(What you should do)
Skipping all pictures, please restate word for word the lines from the one that contains "JPAYAROGOAN] ハロウィン 貴族" through the last line of the entries.

(Saved entries)
________________________________________
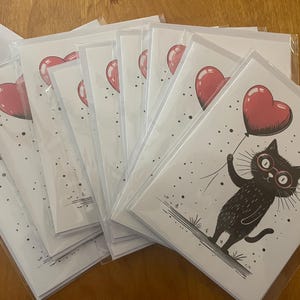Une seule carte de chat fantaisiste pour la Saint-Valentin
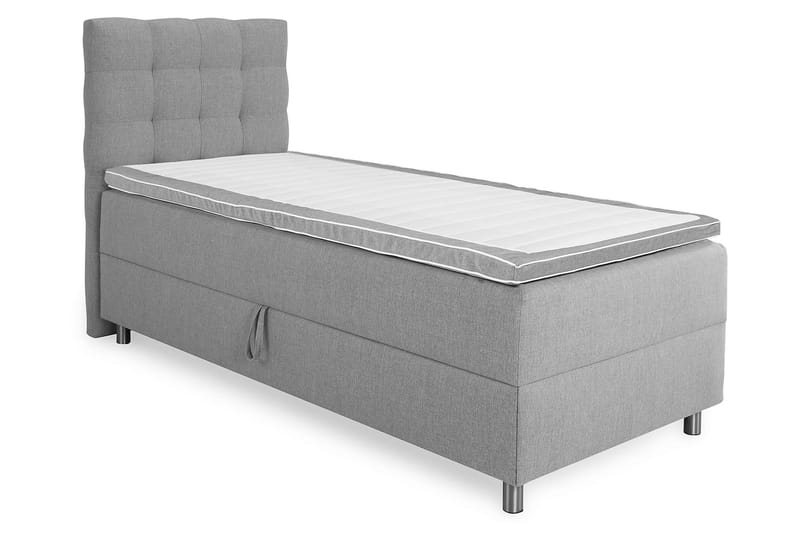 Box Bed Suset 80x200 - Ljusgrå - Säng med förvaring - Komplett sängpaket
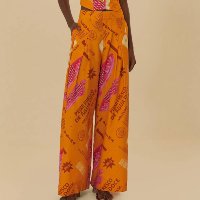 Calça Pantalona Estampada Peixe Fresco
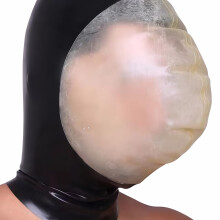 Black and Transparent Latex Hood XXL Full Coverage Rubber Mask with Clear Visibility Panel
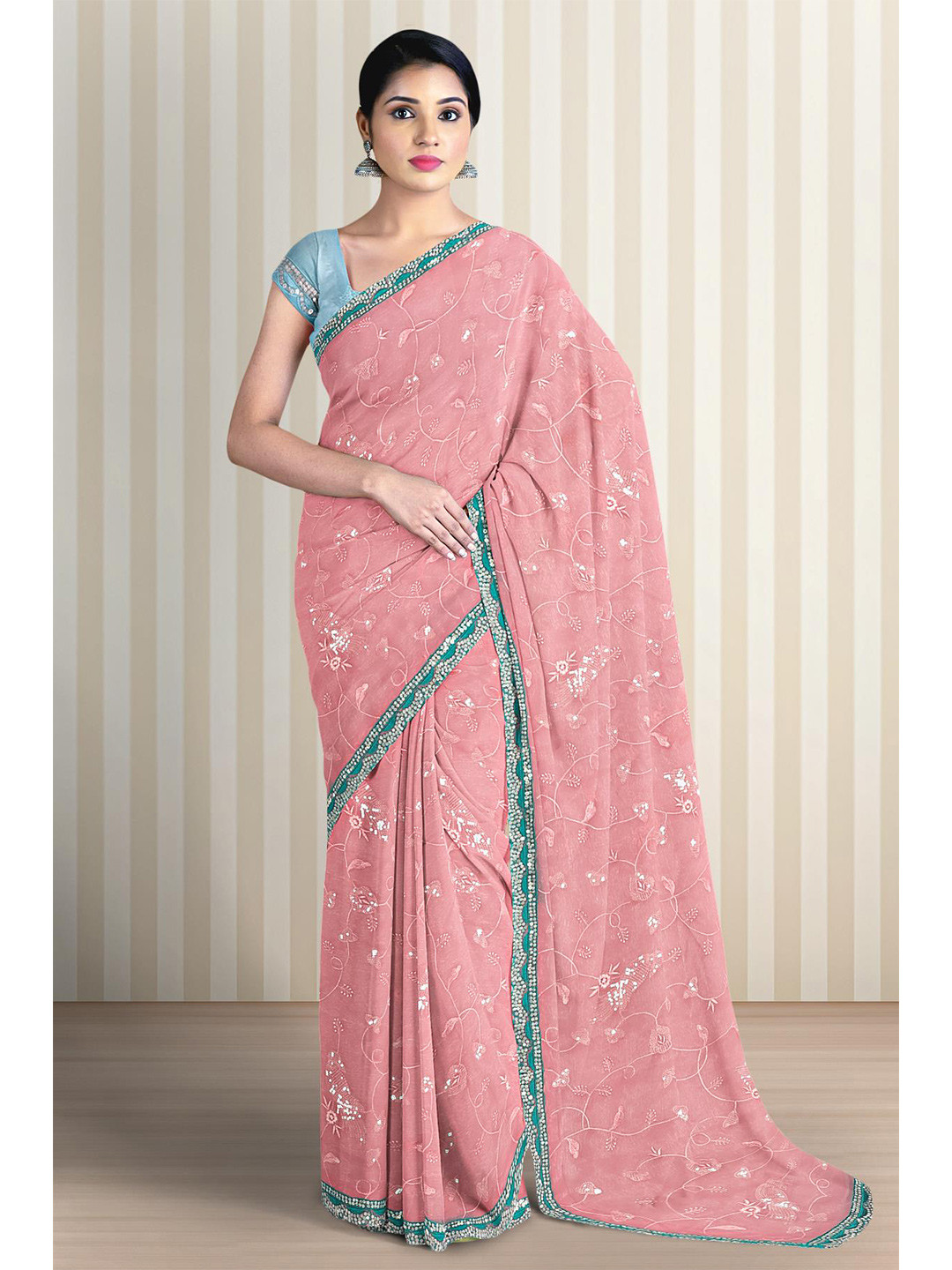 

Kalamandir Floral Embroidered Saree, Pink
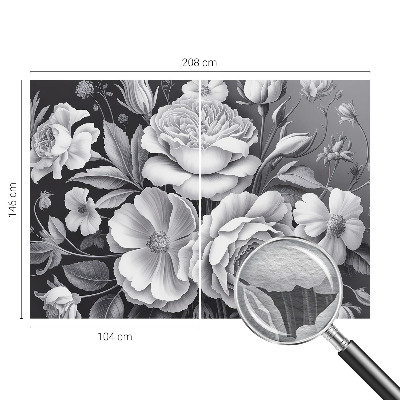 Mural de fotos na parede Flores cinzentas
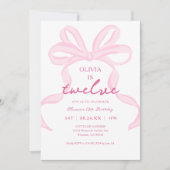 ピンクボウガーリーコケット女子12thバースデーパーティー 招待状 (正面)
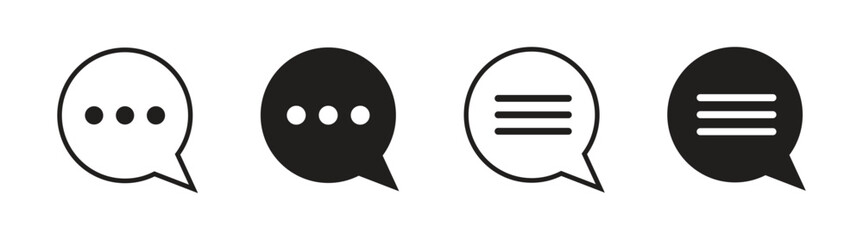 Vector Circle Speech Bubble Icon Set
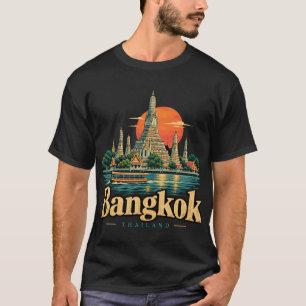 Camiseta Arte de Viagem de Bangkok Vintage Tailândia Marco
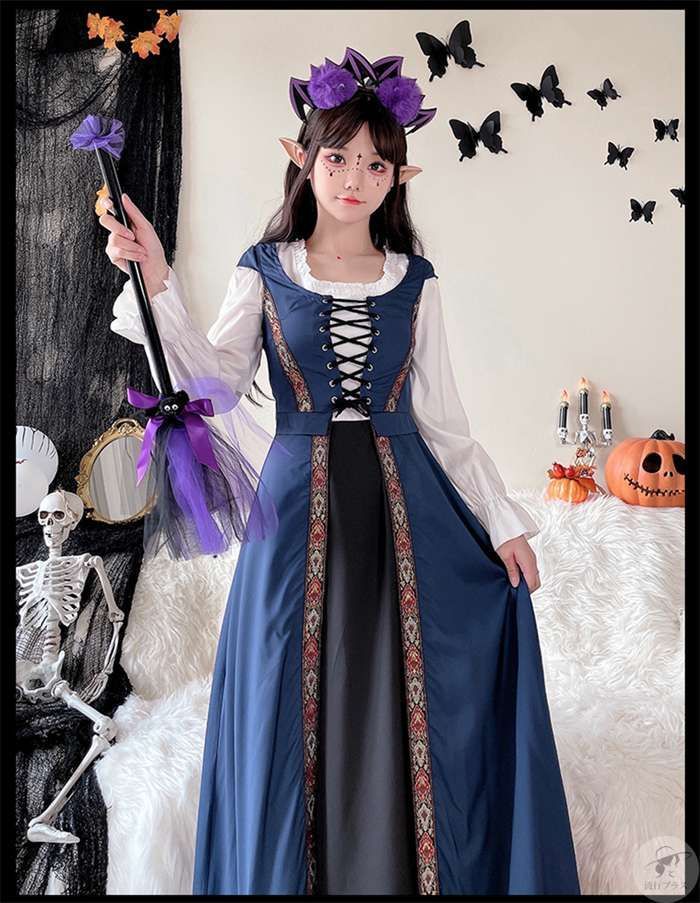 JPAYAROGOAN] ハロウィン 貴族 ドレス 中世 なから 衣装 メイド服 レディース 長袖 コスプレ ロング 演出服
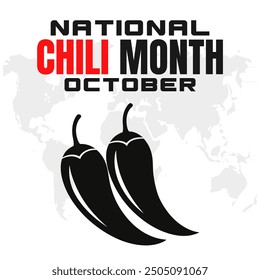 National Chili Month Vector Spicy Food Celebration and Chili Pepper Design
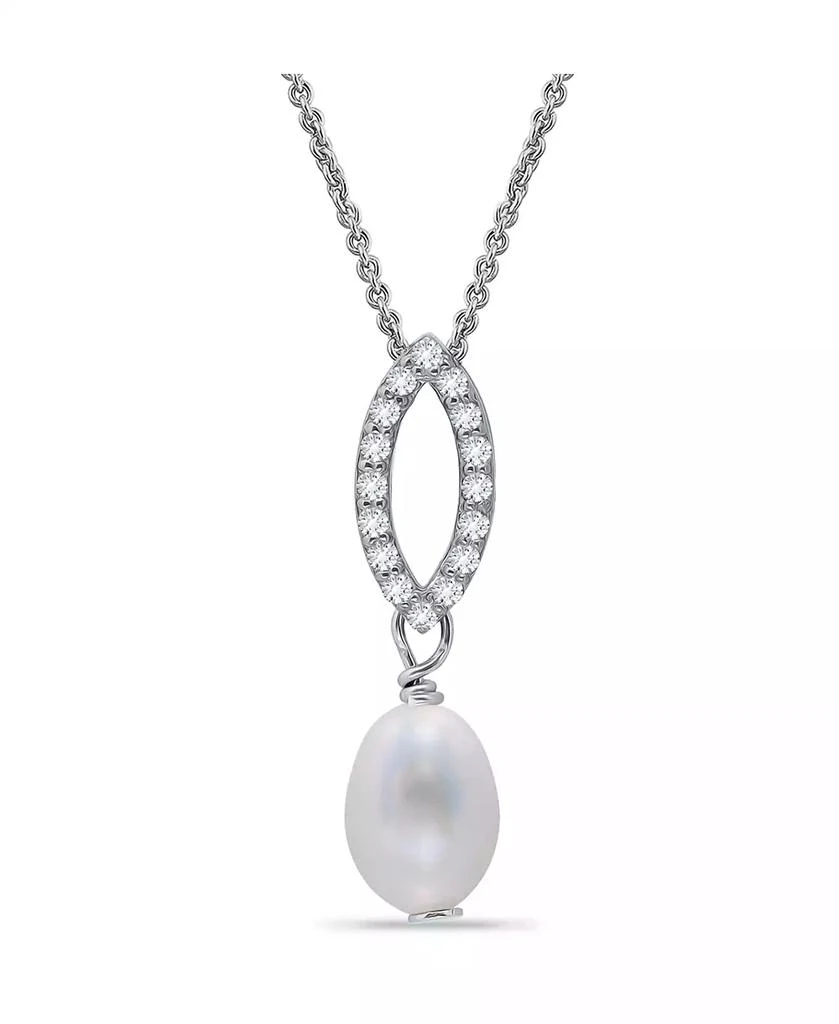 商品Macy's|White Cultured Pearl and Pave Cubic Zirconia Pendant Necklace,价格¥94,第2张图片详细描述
________________________________________
(Output for this exercise)
 JPAYAROGOAN] ハロウィン 貴族 ドレス 中世 なから 衣装 メイド服 レディース 長袖 コスプレ ロング 演出服
 National Chili Month Vector Spicy Food Celebration and Chili Pepper Design
 商品Macy's|White Cultured Pearl and Pave Cubic Zirconia Pendant Necklace,价格¥94,第2张图片详细描述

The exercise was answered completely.